May 18, 2018
Australia, Opinions

Time for inquiry into windfarm industry

John Carter | The Land | 18 May 2018 | www.theland.com.au

Government was forced into a Royal Commission on the financial services industry recently.

We can now see why they were so opposed.

It is time to trot out another look into the wind farms.

Some former and present State Ministers and bureaucrats and Clean Energy bodies should face some very awkward questions.

Thanks to a few brave senators we do have a Wind Farm Commissioner.

But he has no power.

His second annual report is a detailed description of the lack of, or variation in, wind farm planning regulation by the various states.

Years ago, a senior energy professor at a Sydney university told me that no inland wind farm in Australia would ever be viable without huge Government subsidy.

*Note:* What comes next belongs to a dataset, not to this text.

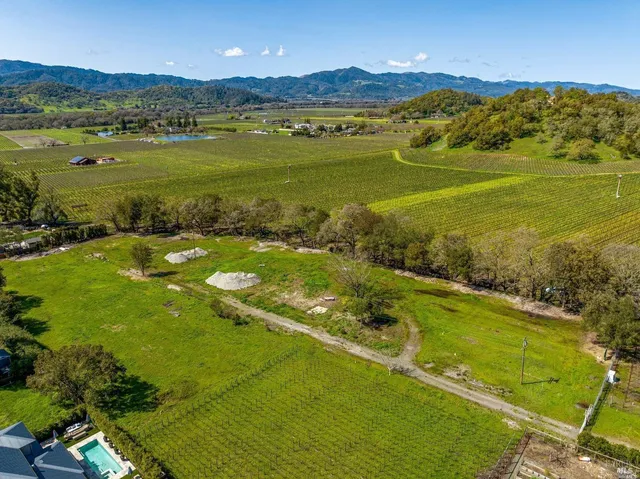 a view of a city with a lake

There is not enough consistent wind.

Our Governments are subsidising overseas wind farm developers with up to $1.5 million per turbine per annum.

We are despoiling our landscape for nothing and forever.

Turbine removal is too expensive as thousands of rusting towers abroad in Hawaii and Western USA will testify.

Madness.

As I write this column, the eight turbines in Crookwell One have not turned for a week.

We have had no wind.

Over the 20 years of its existence it wouldn’t have achieved 20 per cent efficiency.

Claims that wind farms are clean and friendly and have no effects upon health, landscape and values raise a massive question.

It is 21 years since I addressed Crookwell Council about consent for the first industrial wind farm in Australia (Crookwell 1).

I said that they risked having our scenic agriculture area converted to a sea of steel – an industrial area.

It is now happening.

Even our clear night sky, acclaimed by so many visitors, is under threat from 21 red lights to be on top of Crookwell 11’s 150 metre turbines.

Windfarm hosts have no control over the developers who have invested up to 20 times the value of the title holder’s land in wind turbine infrastructure (much of it Government subsidies).

Hosts hadn’t understood what they had signed up to.

Three very recent local property sales have confirmed that a host wind farm loses 30 to 40 per cent in value.

Crookwell 1 host-farm with its eight turbines sold for $2900/acre.

Similar basalt soil an equal distance from Crookwell with inferior buildings but no turbines sold for $4100.

The ongoing pointless desecration of landscape must stop, solar is taking over as nuclear is politically impossible.